*** Block opens ***

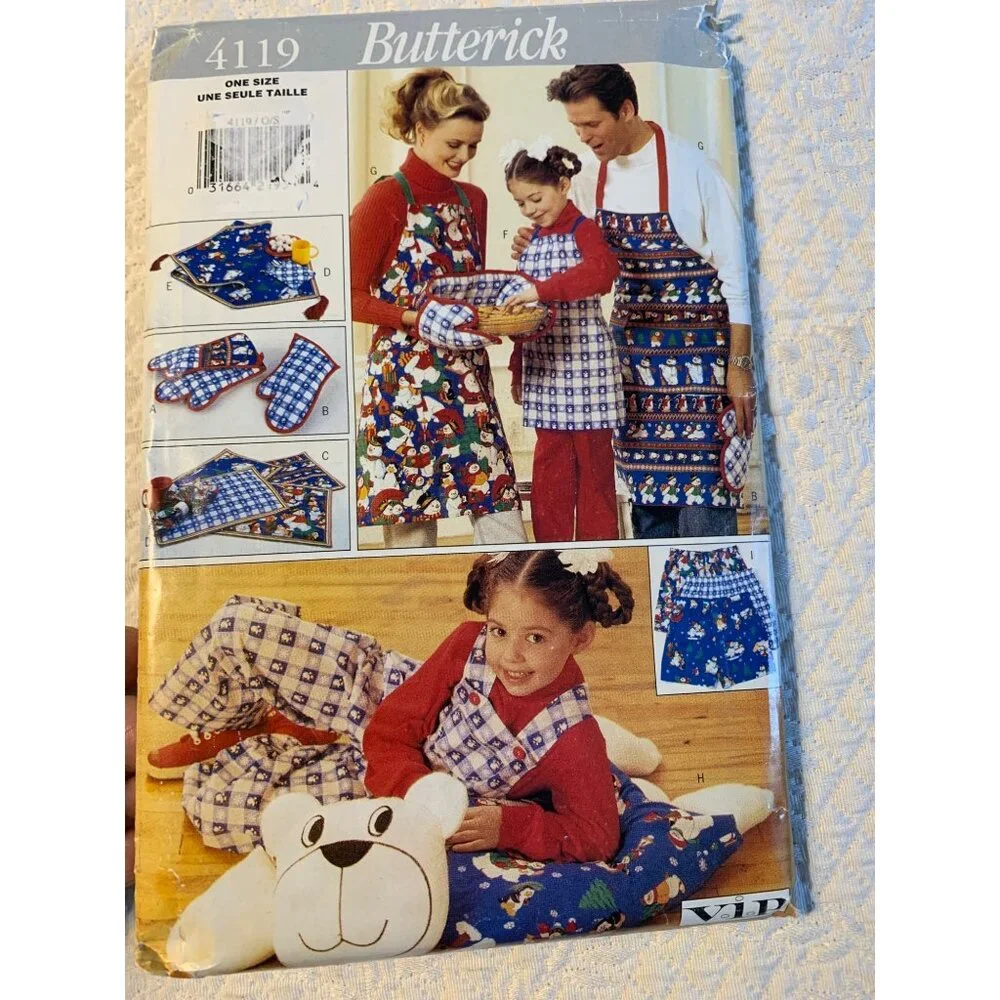 Butterick Christmas Gift Package Adult Child Apron Oven Mitt Placemat Pattern 41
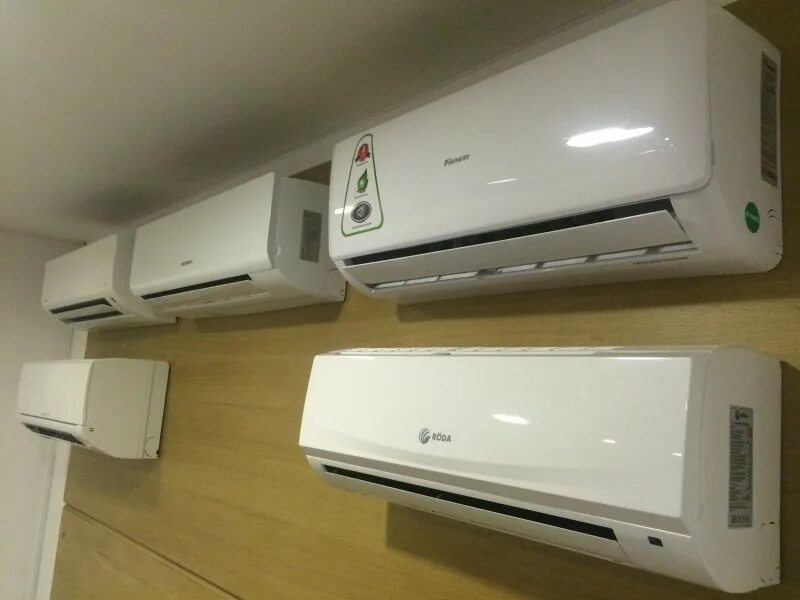 Electrolux fusion eacs-07hf/n3. Установленный кондиционер в квартире. Монтаж кондиционера. Ksgi21hfan1/ksri21hfan1. Монтаж кондиционера.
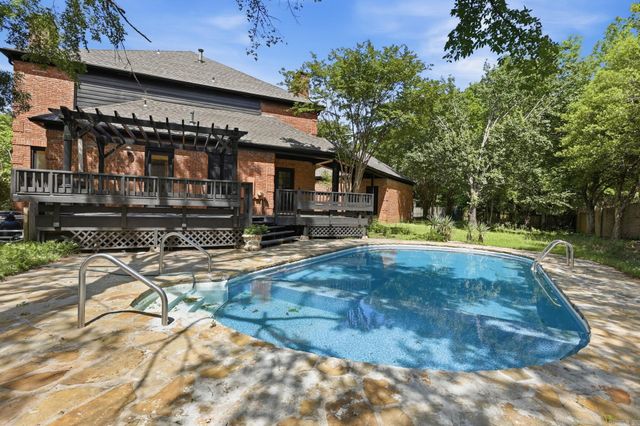 63 Valley Estates Court, Little Rock, AR 72212
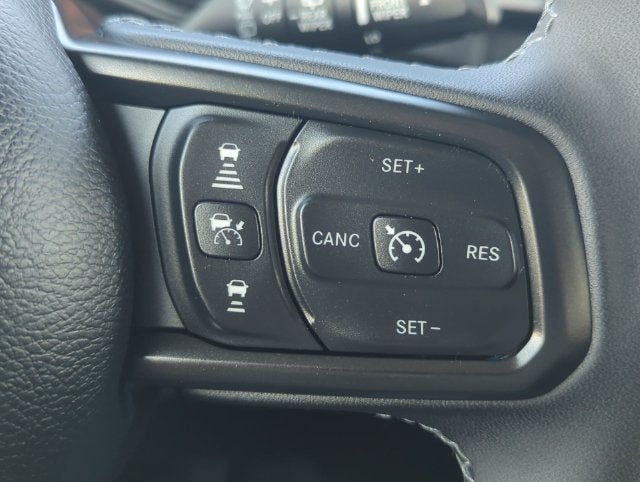 2025 Jeep Wrangler 2-Door Willys 4x4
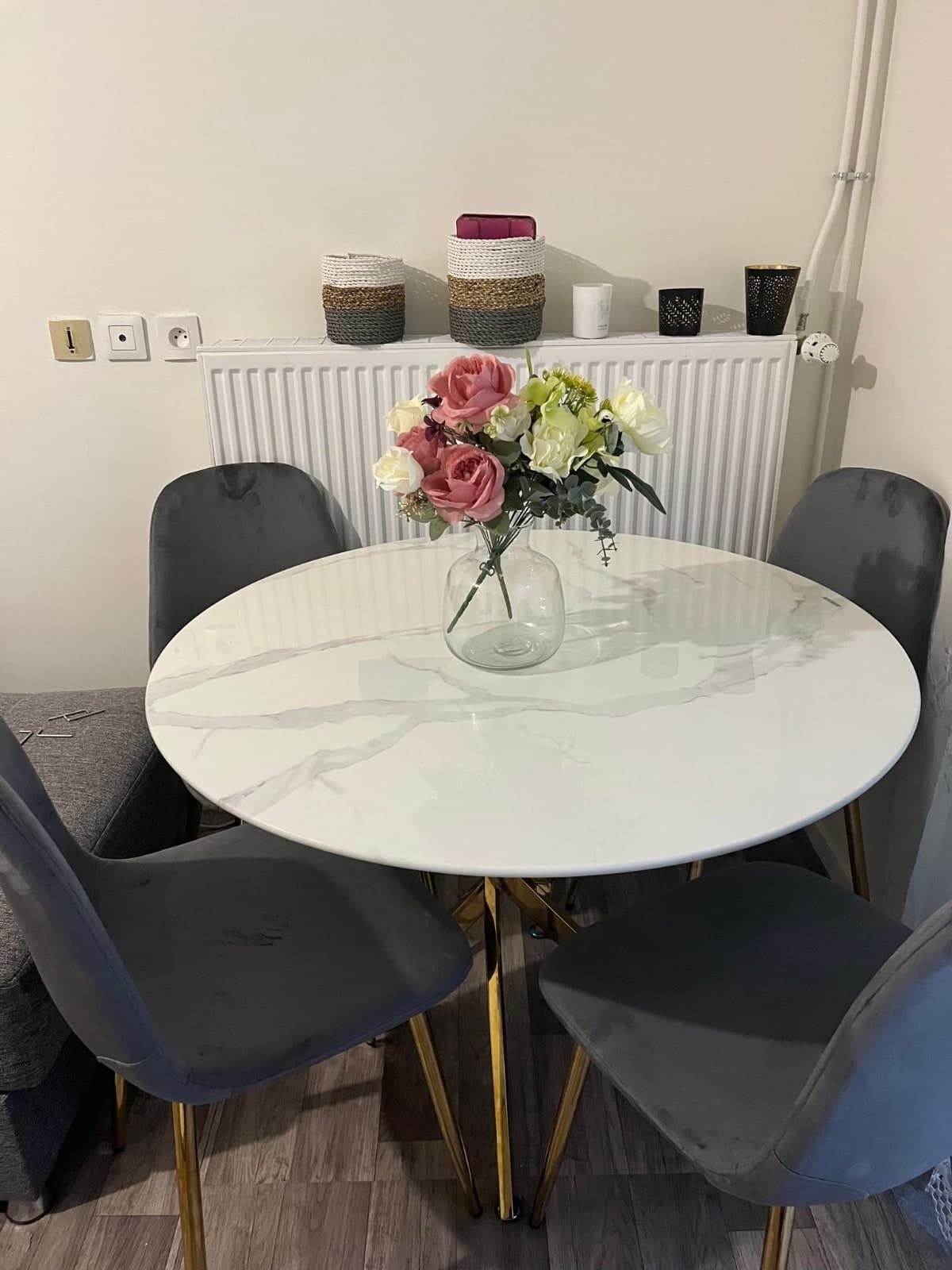 table avec 4 cheises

*** Block closes ***

> [Exercise goal] Beginning with the line that contains "2025 Jeep Wrangler 2-Door Willys 4x4" and ending with the final line of the entries, every line must be copied exactly; the pictures must not.

> [Result]
 2025 Jeep Wrangler 2-Door Willys 4x4
 table avec 4 cheises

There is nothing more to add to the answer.